From the beginning of my time in the Real World™, I’ve been consistently shocked at the extent to which self help culture permeates every aspect of American life. From my days working in a grocery store to my days working in the classroom, from grade school to grad school, I’ve had it hammered into me that the world that exists a rung above me is fixed and unmoveable. I’ve been told that the decisions made above my station in life are what they are, and nothing that results from those decisions can be changed or fixed. I’ve learned, over and over again, that what I CAN fix is my attitude, my outlook.
Every time I think I’ve escaped the self-help bubble, I turn a corner to see it rearing its ugly head again. Over time, I’ve come to understand that this an integral part of how our society shifts responsibility for our collective problems to the individuals who are least responsible for them. Our energy for change is always directed inward and downward instead of outward and upward. It’s the grease that keeps this machine running.
I have to admit here that I have, in the past, directed a great deal of judgment at the people who gravitate towards self help culture. I’ve always found it odd that people can approach this kind of stuff – which is ultimately so repetitive and so limiting – and find some sort of revelatory value in it each time.
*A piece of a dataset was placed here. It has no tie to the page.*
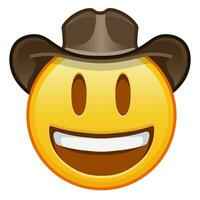 cowboy hoed gezicht groot grootte van geel emoji glimlach vector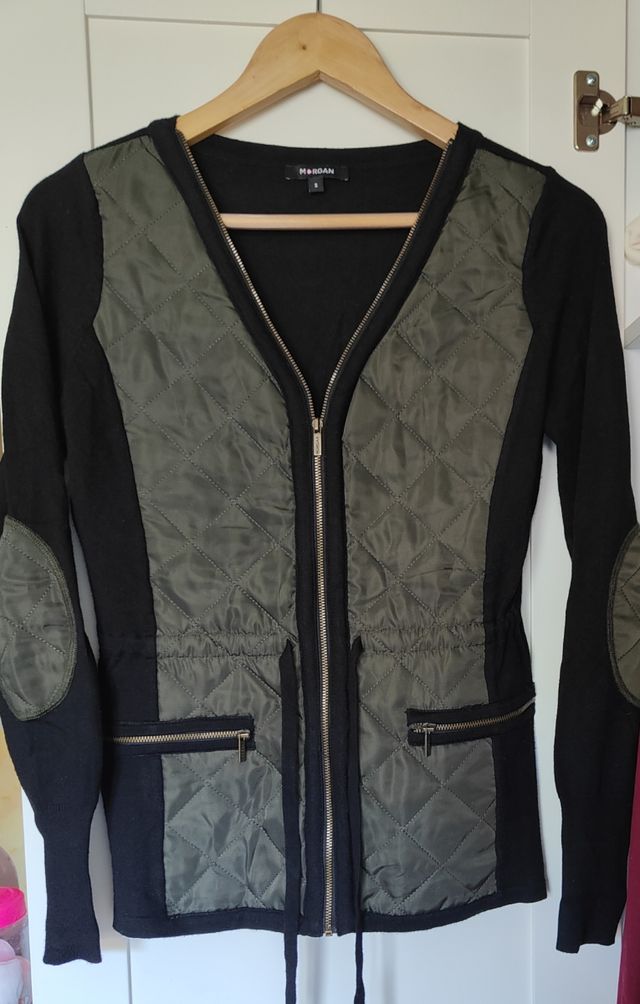 Cárdigan Morgan negro-verde militar, talla S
There’s clearly a religious element in the whole venture, and at my worst moments you can always find me sneering at anything that even vaguely smells of religion.
But even moreso than the ritual of it all- the spiritual incantations, the meditative mindfulness, the practiced reactions to the world around us – there’s a fundamental faith in the rationality of the world around us. In this world, credit scores are an act of God and police are rational arbiters of all that is right and good in the world. In this world, anyone who works hard enough can become rich, and anyone who has sufficient belief in themselves can navigate the incomprehensible maze that our society has set up for them and somehow come out on the other end with their dignity intact. The fact that the mechanisms of this world punish people for failure to navigate its intricacies through depriving them of food, housing, and healthcare is an immutable fact of life. These mechanisms are a result of natural law in the same way that the rising and setting of the sun is. To maintain this faith, a person almost has to engage in religious rituals. A person has to assume that any problems they encounter are a result of their own personal defects.
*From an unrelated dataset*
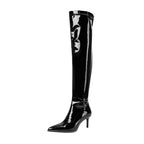 Femme Über-die-Knie Spitzenzehen Stiletto Stiefel mit Hochglanz-Finish R&B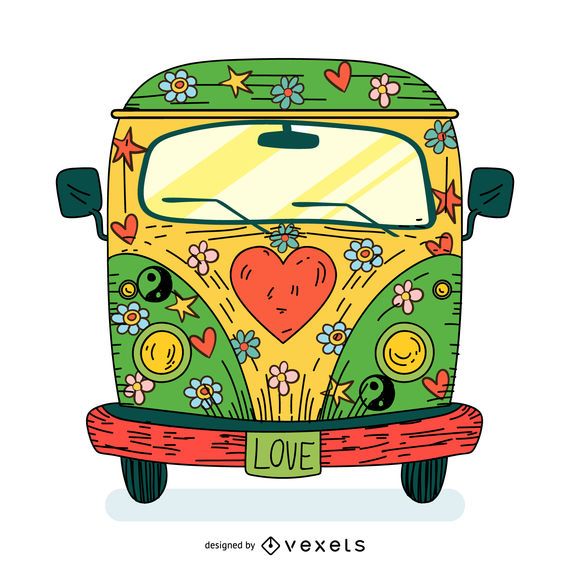 Hippiebus-Karikaturillustration Hippiebus-Karikaturillustration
Of course, the reality of our country’s economic structure isn’t exactly easy to stomach. The reality is that wealth and comfort are primarily reserved to those who are born into it, regardless of the effort they put in. The reality is that people who possess the worst character traits are are often ushered into positions of power through systems that are designed to limit opportunities for people of conscience. The reality is that with every day that passes, a person born into limited means is less likely to escape their social station than a person born the day before. And things have been heading inexorably in that direction – albeit at varying speeds – for the entirety of my life and that of millions of others. There simply aren’t many people who have the social and economic foundation built under them to function regularly in their daily lives with that knowledge and understanding.
So at the end of the day, people who are chasing self-help culture – the ones who go to the workshops, buy the books, and practice the rituals – are channeling their energy in the only way our society allows. And that pursuit is not a sign of weakness, but of strength. They are trying to tackle an impossible task – to change the very wiring of their brain and rid themselves of the nagging doubt about the world around them. Not only is that a tough mountain to climb, it’s the only one that they can see in front of them. And good for them for trying to conquer it.
Of course, this doesn’t mean I agree with our society’s incessant need to shift responsibility from institutions to individuals. Self-help purveyors have their share of hucksters, ambulance-chasers, and those who profiteer off of human suffering – but what religion doesn’t? These purveyors are chasing what capitalism demands that all of us chase- a growth market. They’re selling, selling, selling to an audience that is only growing larger every day. And it makes sense that it’s a growth market. Right now, the expectations that we are placing on individuals to succeed are greater than ever in a world where there are objectively fewer opportunities to succeed than ever before. It makes sense, in this world, that people gravitate towards a philosophy that asks them to direct their energy inward instead of outward. It makes sense that people are yearning to maintain their faith in the world around them even as that world is proving itself to be woefully inadequate to the needs of its people. The alternative is scary as shit.